The Taxing Truth of Lottery Winnings


While most of us are smart enough to know that money can't buy happiness, we also know it can buy us a lot of good stuff we all need and want. With that in mind, millions of Americans lined up last week to take a shot at the record Powerball jackpot of $588 million. Two tickets achieved the nearly improbable feat of matching all six numbers – one in Missouri and one in Arizona.  

Even if you didn't play, it’s easy to imagine what you would do with all that money – the comfort, security, and fun it would bring. What probably isn’t included in your lottery daydream is the inescapable tax obligation such a windfall would bring. No matter where or how you would choose to spend lottery winnings, the largest slice of it would certainly be earmarked for the IRS (those nice folks at the Multi-State Lottery Association who hand you a giant check at the ceremony would send the IRS a Form W-2G alerting them to your good fortune).  

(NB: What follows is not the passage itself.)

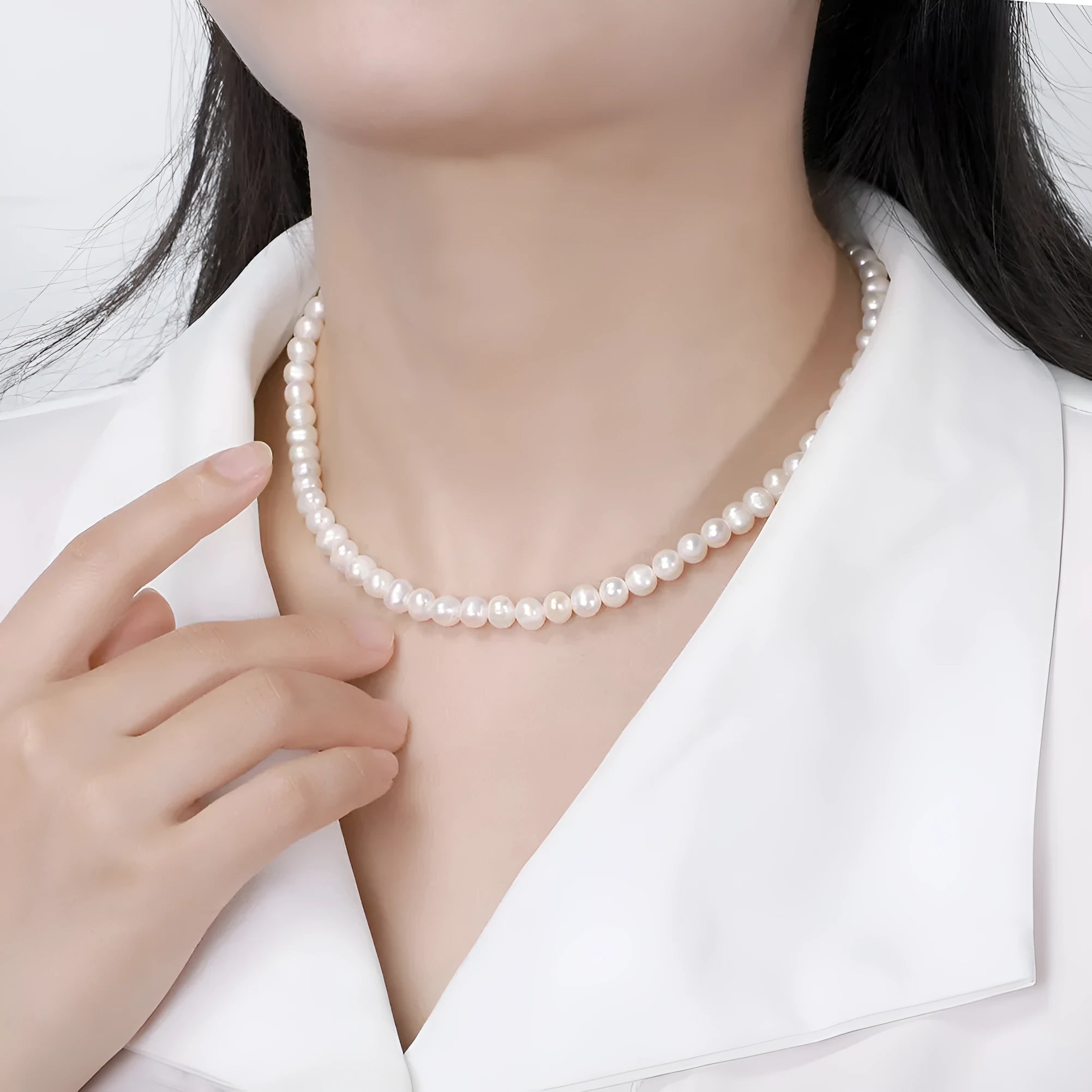 Women's adjustable silver necklace with a strand of natural freshwater pearls.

Your first decision would be whether to take your prize in a lump sum immediately or in an inflation-adjusted annuity over the next 30 years. As all large financial decisions must, taxes need to be taken into consideration. Receiving your winnings all at once means paying the top federal income tax rate of 35%. It may sound like a lot (and depending on how much you win, it could be), but at least you'd know exactly how much the tax would cost. You may receive a larger overall payout by receiving installments, but it would mean paying whatever tax rate is in effect the year an installment is paid. As the “fiscal cliff” is teaching us, you never really know what the tax landscape will look like from year to year. That kind of uncertainty – even if it gives you more money in the long run – may not be worth it.  

The federal government isn't the only one who would be calling on you should you win the lottery. Forty-three states tax lottery winnings as ordinary income. Some states even tax your winnings based on where you purchased it, not just on your state of residence. So, if you live in Pennsylvania (which does not tax lottery winnings) and work in New York (which does), don't buy your ticket around the corner from the office unless you want to share 8.82% of your winnings with the Empire State.    

As with all income you receive, there are several strategies you can employ to soften the blow of tax obligations. One of the most important things to do if you win the lottery is consult a financial advisor and/or tax professional, who can help you make sense of your newfound wealth!